A well-known service widely used by Nano wallets is the DPoW. A free API that connects nano wallets to multiple workers for the delegation of proof of work, encouraging workers with occasional small payments.

Despite its popularity, DPoW has relevant disadvantages:

  1. Centralized
  2. Permissioned
  3. API offered only for non-commercial projects
  4. Custody of funds

Workers need to trust the coordinator, users need to trust the coordinator, everyone still uses a centralized communication model for registration and API, based on central servers and DNS, which is more susceptible to human error, technical instability, regulations, prohibitions and hacker attacks.
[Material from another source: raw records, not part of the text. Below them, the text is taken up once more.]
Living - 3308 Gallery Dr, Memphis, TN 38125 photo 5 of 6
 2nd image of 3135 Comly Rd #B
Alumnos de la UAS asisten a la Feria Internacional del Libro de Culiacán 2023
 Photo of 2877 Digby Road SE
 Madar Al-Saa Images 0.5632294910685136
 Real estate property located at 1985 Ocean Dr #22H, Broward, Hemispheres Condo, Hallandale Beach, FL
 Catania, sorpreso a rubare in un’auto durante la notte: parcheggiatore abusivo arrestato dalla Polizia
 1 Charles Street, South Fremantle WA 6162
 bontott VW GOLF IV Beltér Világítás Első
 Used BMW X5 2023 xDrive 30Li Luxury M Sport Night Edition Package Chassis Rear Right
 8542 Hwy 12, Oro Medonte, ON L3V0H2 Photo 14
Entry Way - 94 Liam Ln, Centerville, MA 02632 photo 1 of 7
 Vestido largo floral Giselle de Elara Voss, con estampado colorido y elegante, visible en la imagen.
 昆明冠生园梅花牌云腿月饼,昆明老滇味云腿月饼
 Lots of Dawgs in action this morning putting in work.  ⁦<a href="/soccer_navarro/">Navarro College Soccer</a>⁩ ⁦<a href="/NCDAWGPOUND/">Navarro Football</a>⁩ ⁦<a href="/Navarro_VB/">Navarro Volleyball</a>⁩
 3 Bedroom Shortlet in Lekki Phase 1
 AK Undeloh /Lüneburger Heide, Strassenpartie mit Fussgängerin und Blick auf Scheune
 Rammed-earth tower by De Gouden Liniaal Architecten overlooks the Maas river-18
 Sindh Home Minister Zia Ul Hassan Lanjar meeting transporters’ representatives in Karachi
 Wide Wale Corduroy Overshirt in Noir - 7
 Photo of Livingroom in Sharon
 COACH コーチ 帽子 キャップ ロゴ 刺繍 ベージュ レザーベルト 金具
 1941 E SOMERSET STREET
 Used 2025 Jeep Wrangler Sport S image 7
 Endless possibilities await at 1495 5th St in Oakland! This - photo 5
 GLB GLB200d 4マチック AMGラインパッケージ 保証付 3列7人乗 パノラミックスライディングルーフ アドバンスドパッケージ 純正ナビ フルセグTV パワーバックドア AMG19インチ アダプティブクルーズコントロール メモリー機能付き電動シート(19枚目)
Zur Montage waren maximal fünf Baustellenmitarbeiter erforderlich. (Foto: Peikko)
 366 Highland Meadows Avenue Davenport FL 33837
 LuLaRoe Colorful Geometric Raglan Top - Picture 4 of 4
There are several central points of failure

There are also emerging services that charge a fee to offer their computational power. Although very useful, such centralized solutions may not be the best alternative for a decentralized cryptocurrency. Because in addition to having the same disadvantages mentioned above, users would be dependent on a single service at a time, since it is not economically viable to pay for multiple services if each proof of work can only be done for 1 service at a time.

The objective of this article is to bring a totally decentralized solution to these problems of Nano Proof of Work delegation.

The P2P Solution:

P2PoW —Diagram

Alice wants to send 1 Nano to Bob.
For this she needs to do the Proof of Work of the transaction. But Alice’s hardware is simple and she doesn’t want to wait too long for PoW to finish.
So she creates the transaction, but doesn’t do the proof of work, instead he hires George to do it. Because George has a great equipment for it.
But George doesn’t want to have to trust Alice, because she might not pay him after work.
Alice also doesn’t want to pay and expect George’s work, because George may not do PoW after being paid.
So, to solve this problem, Alice signs another transaction of 0.001 Nano for George, but put this after Bob’s transaction.
Thus, the transaction for George can only be validated if the transaction for Bob is validated in the network first.
So George needs to do the Bob transaction PoW, the reward Pow and then broadcasting, only then he gets his reward.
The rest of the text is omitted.